La moral de la cámara oculta




Hay días en que es imposible no preguntarse por la obsesión de la tele chilena por usar las cámaras ocultas. Ahora mismo CHV y TVN están emitiendo Manos al fuego y ¿Y tú qué harías?, dos shows construidos a partir del uso de las mismas para graficar con ellas el comportamiento amatorio y social de los chilenos.

Nada nuevo ahí. De hecho, Manos al fuego es ahora mismo un pequeño clásico de CHV. Show leve y eficaz, ha logrado reinventarse una y otra vez para seguir idéntico a sí mismo. Esta temporada, por ejemplo, se ha ambientado en el extranjero, ocupando como decorados playas caribeñas donde volvemos a lo mismo, a esas escenas de chilenos y chilenas infieles comportándose como los piratas de una noche inesperada. Por supuesto, el cambio de escenario le da sentido al asunto aunque se puede ver cierto agotamiento en el formato, pues quienes son filmados se preguntan casi siempre si lo que les está pasando es parte del show ("¿no estarán grabando para Manos al fuego?", dicen), como si dudasen de sí mismos, intuyendo que la realidad es solo otro programa de televisión. Esa dificultad formal, la de cómo poder repetir el esquema sin agotarse, también cruza ¿Y tú qué harías?, de TVN, que estrenó su segunda temporada hace unas semanas. Como el año pasado, el show sigue definido por la urgencia editorial de una televisión pública que se haga cargo de la descripción de temas como el racismo, el clasismo, la violencia social y de género. En ese sentido, lo más interesante es cómo muchas veces el experimento de cada caso se dobla hasta lo intolerable, como el momento en que en un negocio de ropa los clientes miran a un jefe insultar a sus trabajadores o cómo una mujer de edad es increpada por una cliente. Consuelo Saavedra y Amaro Gómez-Pablo le dan un poco de altura al asunto y, en sus intervenciones salvadoras, permiten que el espectador quede liberado de culpa por ver el programa. Así, estamos en el lado reverso de Manos al fuego. Acá la cámara oculta sirve para educar, el goce de ver al otro en una situación límite es relegado, lo importante es adentrarse en la sopa negra de la identidad chilena.

Porque ese es el fondo. Las cámaras ocultas permiten la eclosión de una etnografía trash donde cualquier interés está limitado por su ligereza. Carlos Pinto fue previsor en este asunto, cuando las patentó hace más de dos décadas en la tele local. Experto, supo venderlas al indicar que solo tenían sentido si podían revelar las taras del carácter de los chilenos. Solo así el morbo podía ser desplegado en la tele. Aquella idea sigue en el aire aunque ahora mismo es más que cuestionable: están en juego el derecho a la privacidad de los ciudadanos y la violación de su intimidad por parte de la industria televisiva.

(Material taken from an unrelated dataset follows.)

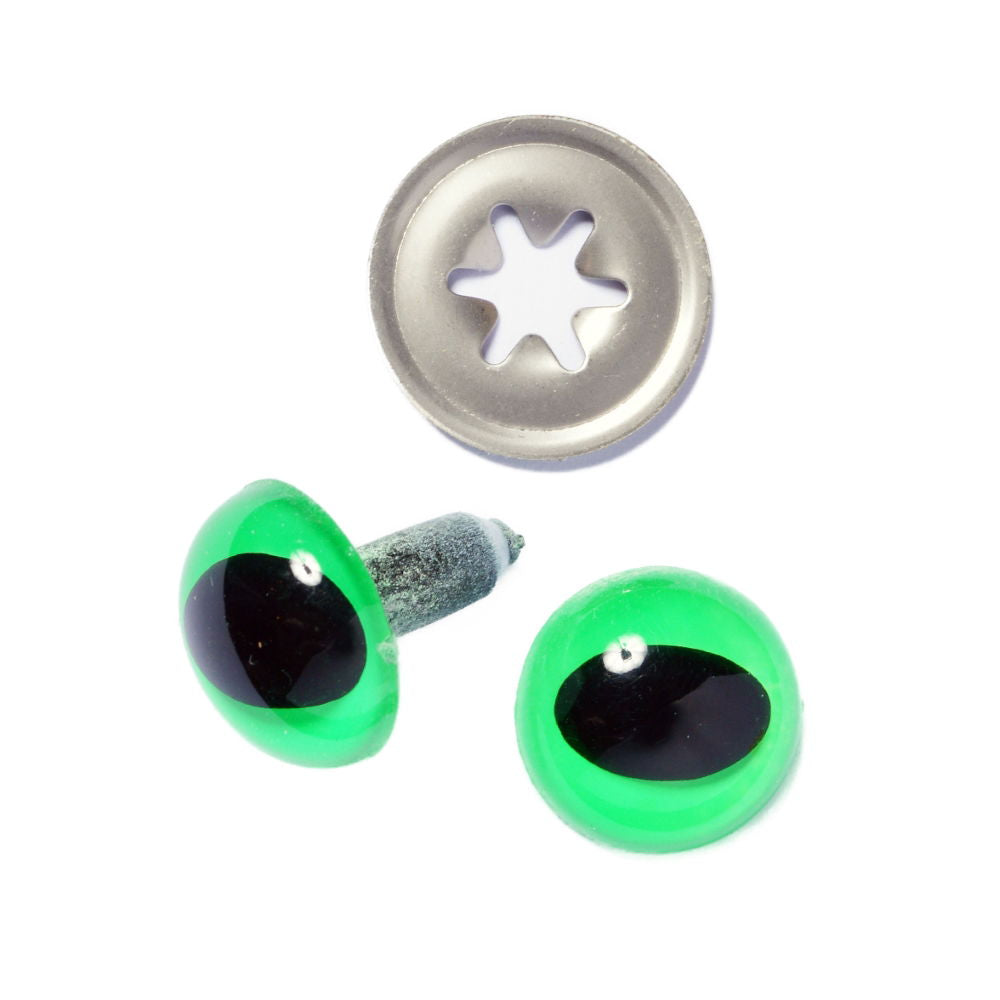 D128LSG - CATS EYE 16.5mm LASER GREEN (METAL WASHER)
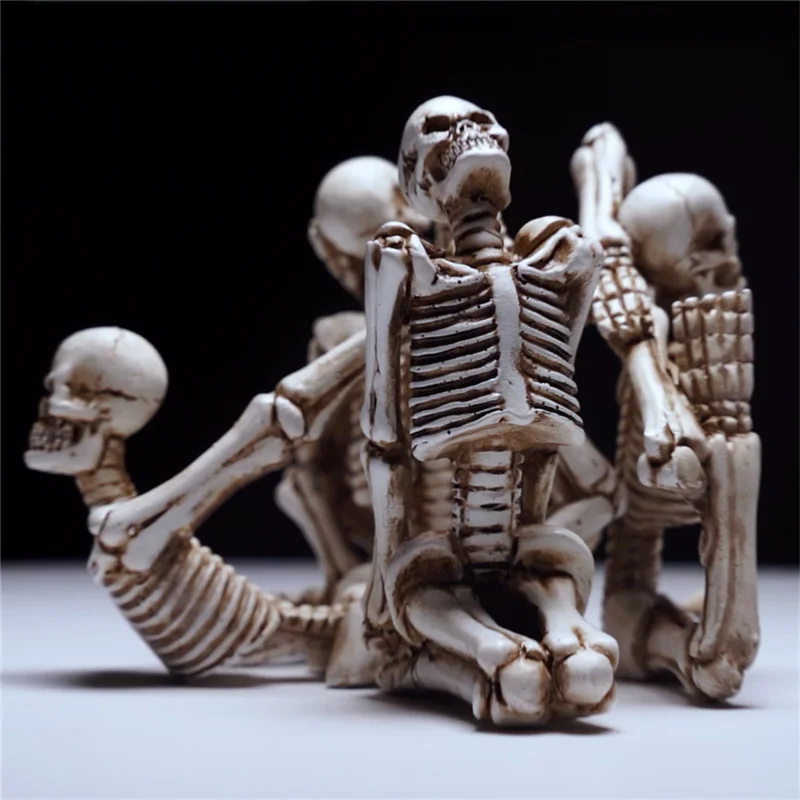 Figuritas creativas de calavera de Yoga, adorno de resina personalizado para Halloween, para decoraci&oacute;n del hogar, sala de estar y oficina, gran oferta-1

Es imposible negar el atractivo del asunto pero tampoco su complejidad actual: hace pocos días el periodista y senador Alejandro Guillier acaba de volver a defender el uso que hizo de las cámaras ocultas cuando fue jefe del departamento de prensa de Chilevisión y expuso la condición sexual del ex juez Daniel Calvo, que llevaba el caso Spiniak. Ya sabemos lo que pasó; el juez salió de la causa y todo cambió para él y la investigación. Guillier es ahora precandidato presidencial y, por lo mismo, no deja de ser perturbador preguntarse cuánto de su moral maduró y se cristalizó en las pantallas, en la medida que esgrime aquella apología de su actuar, carente de cualquier clase de mea culpa respecto a su evidente homofobia. Nada nuevo ahí en todo caso. En la tele lo privado y lo público son categorías aleatorias, cáscaras vacías. El chiste ya no tiene gracia. En esa zona pantanosa, cualquier picaresca o bonhomía se acaba, y de nuevo es la cultura del entretenimiento la que permite entender y prefigurar a la política, haciendo que en esa estética del morbo se esconda una ética de vigilancia y sanción sobre las conductas íntimas de los ciudadanos.